What you have to do: From the records below, please print only the lines from the one containing "High pressure —" through the one containing "This is how", both included. Skip the pictures.

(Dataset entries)
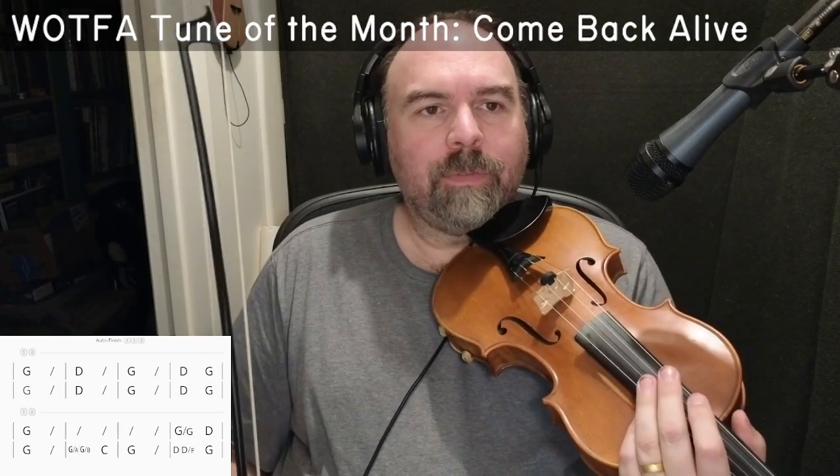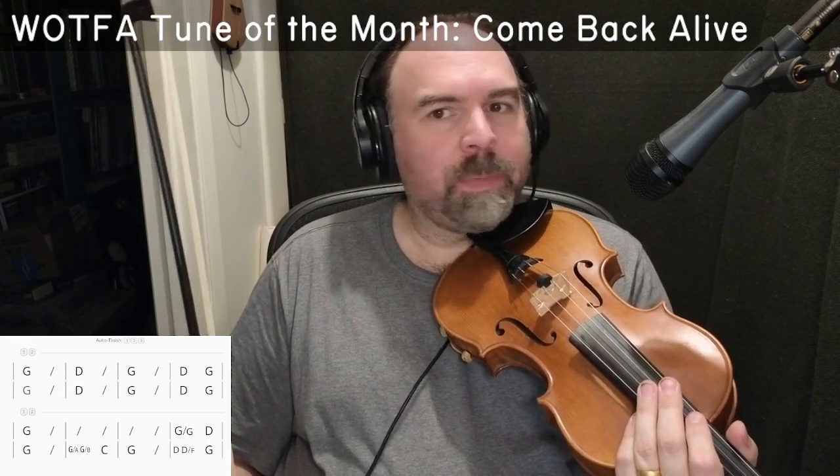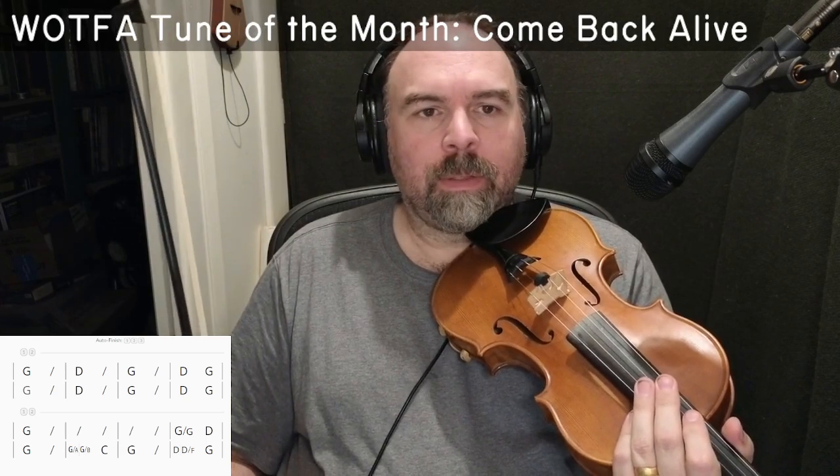This is an alternate video for the Washington Old-Time Fiddlers Association Tune of the Month for August 2024. The tune is Come Back Alive, a composition by Greg Canote in Calico Tuning, which is A-E-A-C-sharp.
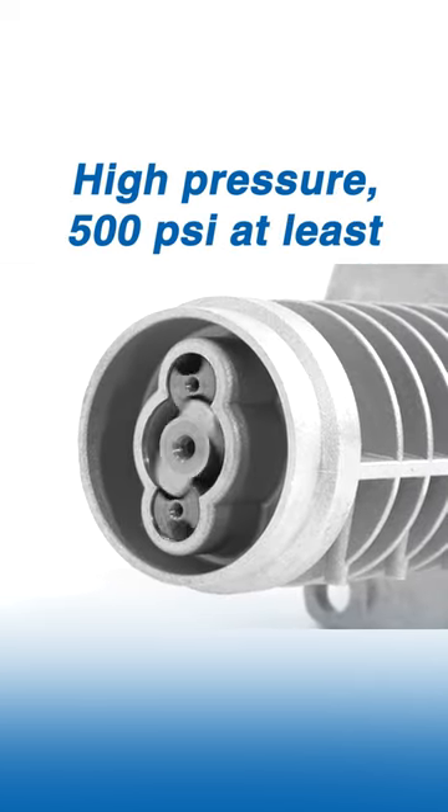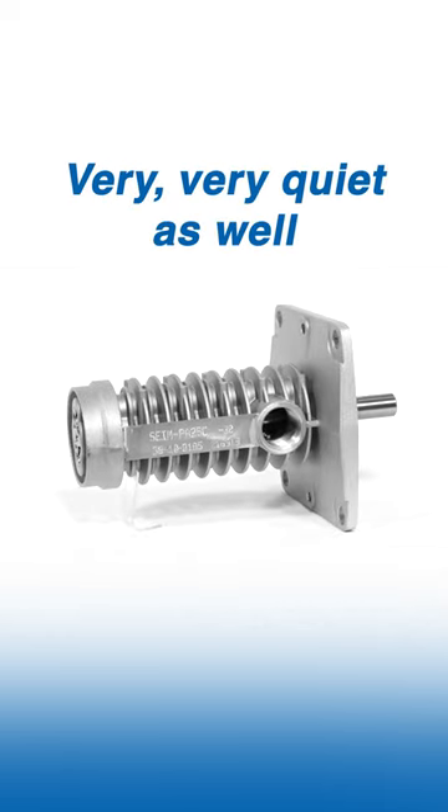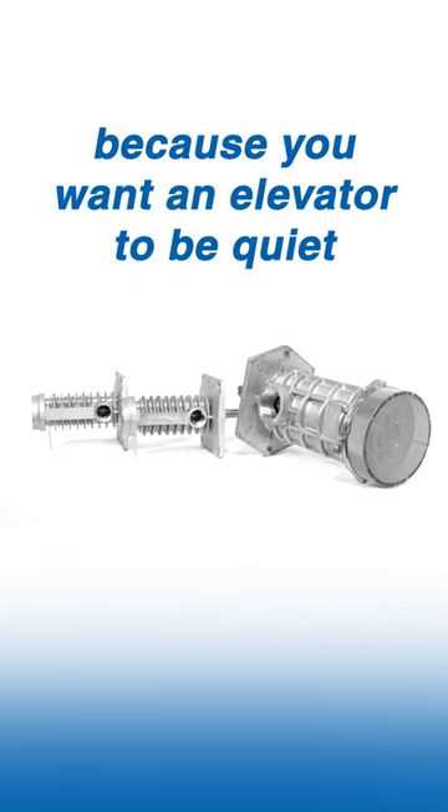High pressure — 500 psi at least — very smooth continuous flow, no pulsation. Very, very quiet as well, which is ideal for an elevator because you want the elevator to be quiet.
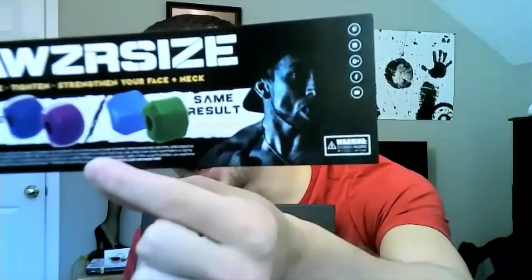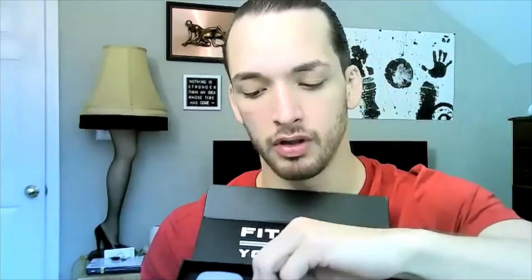We got the Jawzrsize - tone, tighten, and strengthen your face and neck, two designs with the same result. There's my man Brandon Harris, CEO - I'm having him on the podcast soon. So here's what we got: these are your one-time molds, your bite molds so you can get these on your teeth. Looks like we have a little rope to wear around your neck for easy on and off.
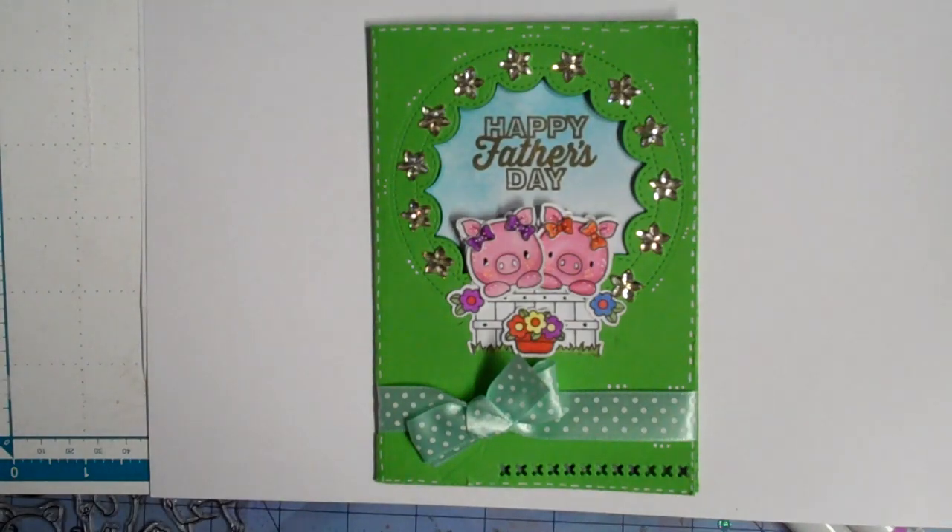Hey guys, it's Mel. I'm supposed to be packing for Maryland but instead I am finishing another Father's Day card. This time I had to make a Father's Day card for my dad from me and the girls.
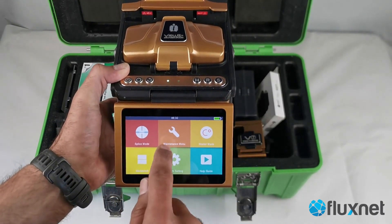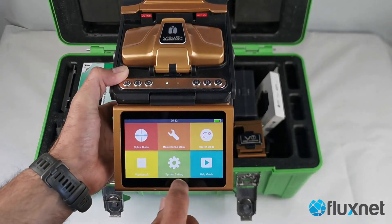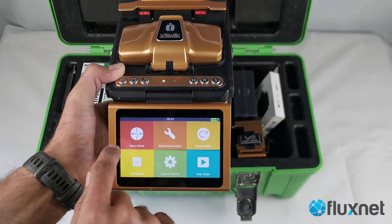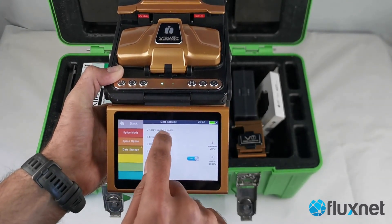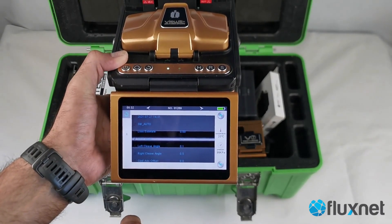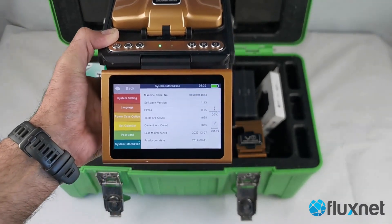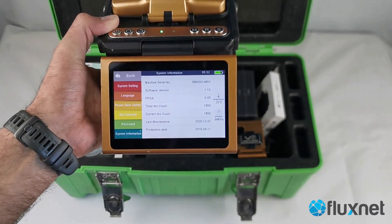We've just tested it in the lab as well. Looking at the last splice results, the average loss is 0.01 dB, which is pretty good.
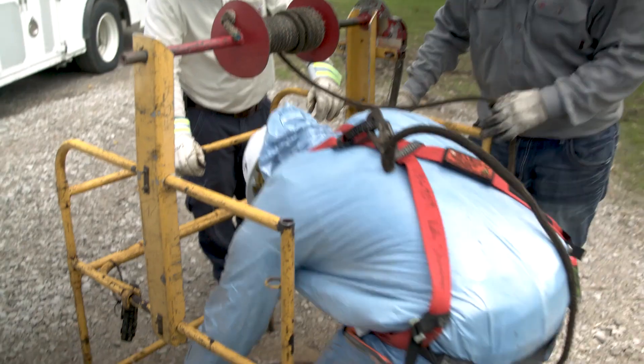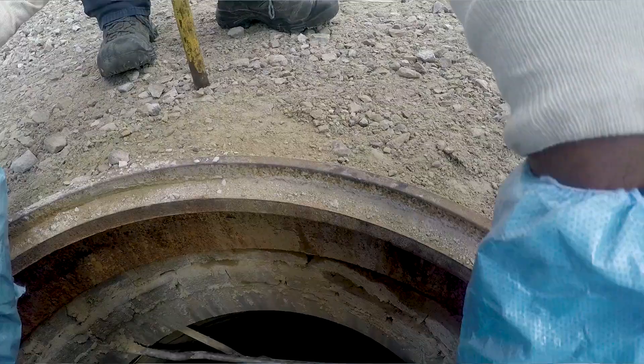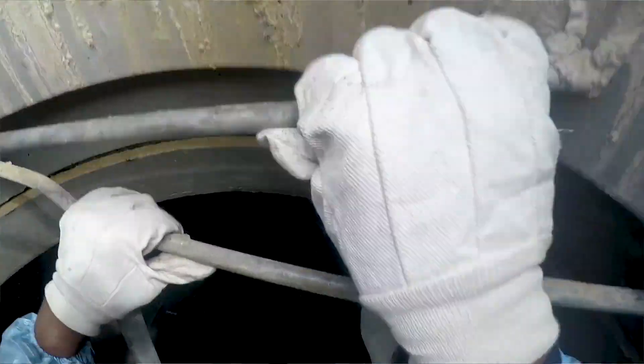I've learned everything I need, including the highest level of safety to prepare me. I work for DTE. I install, splice, repair, and test high voltage cables. I like to keep people safe and to make sure everybody has the power that they need.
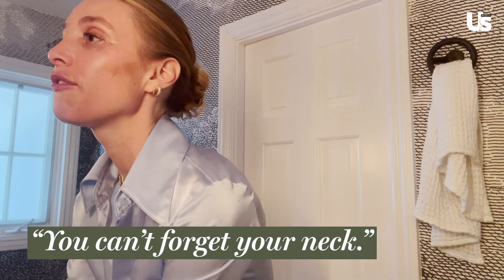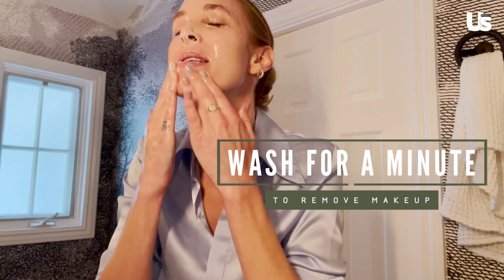I first gently — well, not so gently — rinse with water just to loosen things up a little bit, including my neck. You can't forget your neck. Then I use Elemis Pro Collagen Cleansing Balm. It's really creamy, oily, and balmy, and it's really good at removing things while also not stripping your skin. I rub all my makeup off with it, getting deep into my nose, my T-zone, the spot where I break out. I like to wash for about a minute — Celeste Thomas actually taught me to wash for 60 seconds so you get all the spots.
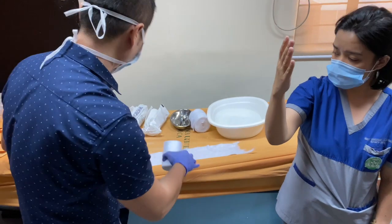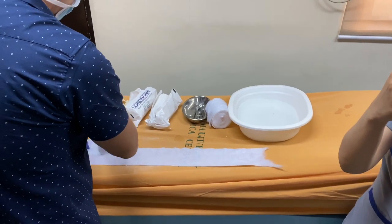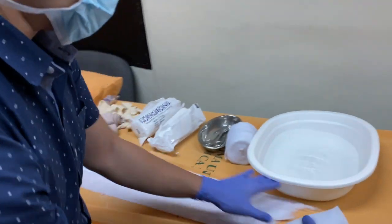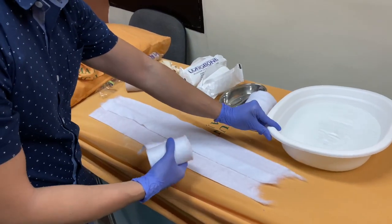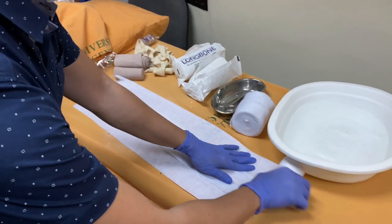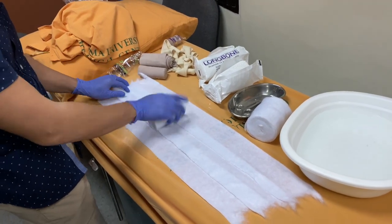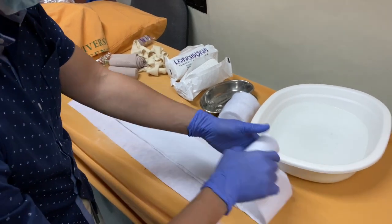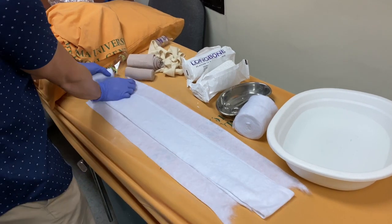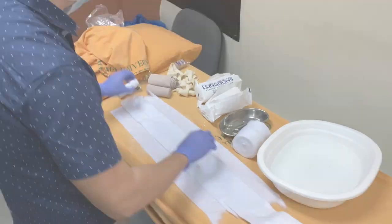This is how I make the splint. Lay down the padding sheet — I add another layer or roll of the padding sheet. One, two — so three layers. Then add another one in the middle, and fold it back. This will be the layer for the other side of the splint. We'll lay down our splint or mold here in the middle.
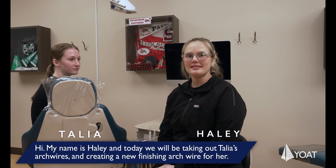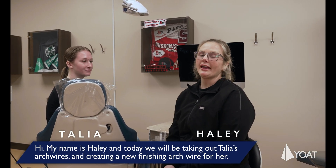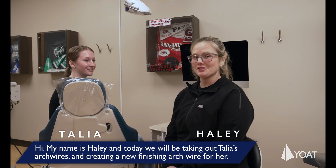Hi, my name is Haley, and today we will be taking out Talia's arch wires and creating a new finishing arch wire for her.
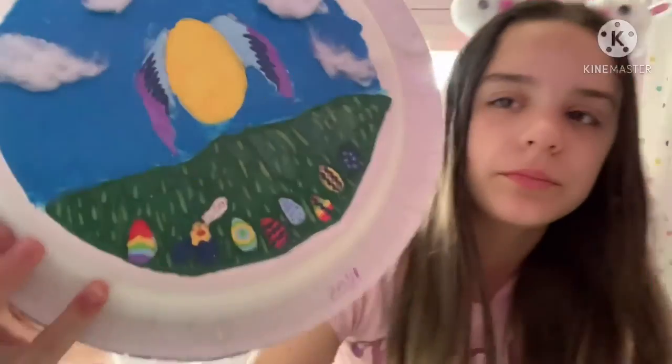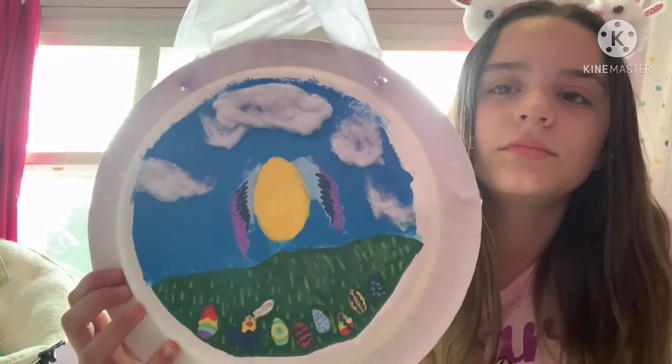We left off with me mod podging it to keep the paint secure. Here's the end result. I was going to film it all in one day but this took a lot longer than I thought, so it is the next day. I hope you guys have fun making this craft for your Easter morning basket.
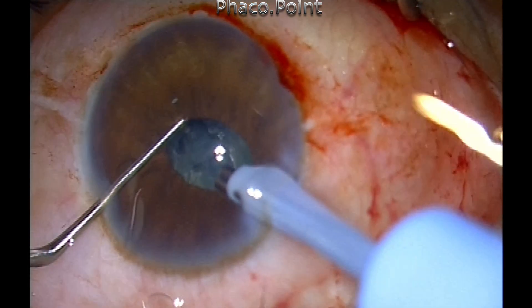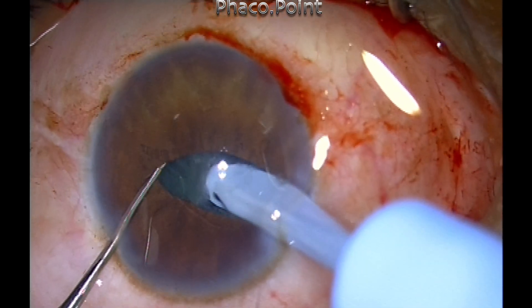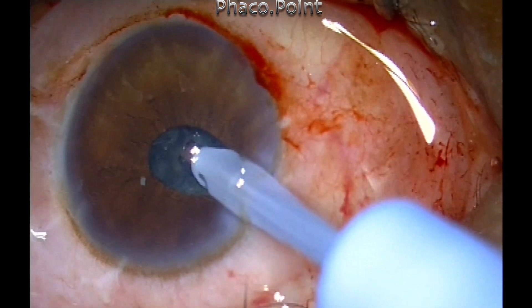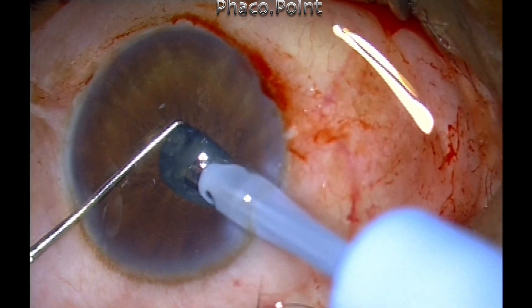When you have cracked the nucleus down into at least four to five pieces, it is wise to bring out the sharp chopper and replace it with a Sinski hook, which is more forgiving within the eye. You don't want to nick the edge of the capsular rhexis during emulsification.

Written answer:
High pressure — 500 psi at least — very smooth continuous flow, no pulsation. Very, very quiet as well, which is ideal for an elevator because you want the elevator to be quiet.
We got the Jawzrsize - tone, tighten, and strengthen your face and neck, two designs with the same result. There's my man Brandon Harris, CEO - I'm having him on the podcast soon. So here's what we got: these are your one-time molds, your bite molds so you can get these on your teeth. Looks like we have a little rope to wear around your neck for easy on and off.
Hey guys, it's Mel. I'm supposed to be packing for Maryland but instead I am finishing another Father's Day card. This time I had to make a Father's Day card for my dad from me and the girls.
We've just tested it in the lab as well. Looking at the last splice results, the average loss is 0.01 dB, which is pretty good.
I've learned everything I need, including the highest level of safety to prepare me. I work for DTE. I install, splice, repair, and test high voltage cables. I like to keep people safe and to make sure everybody has the power that they need.
I first gently — well, not so gently — rinse with water just to loosen things up a little bit, including my neck. You can't forget your neck. Then I use Elemis Pro Collagen Cleansing Balm. It's really creamy, oily, and balmy, and it's really good at removing things while also not stripping your skin. I rub all my makeup off with it, getting deep into my nose, my T-zone, the spot where I break out. I like to wash for about a minute — Celeste Thomas actually taught me to wash for 60 seconds so you get all the spots.
This is how I make the splint. Lay down the padding sheet — I add another layer or roll of the padding sheet. One, two — so three layers. Then add another one in the middle, and fold it back. This will be the layer for the other side of the splint. We'll lay down our splint or mold here in the middle.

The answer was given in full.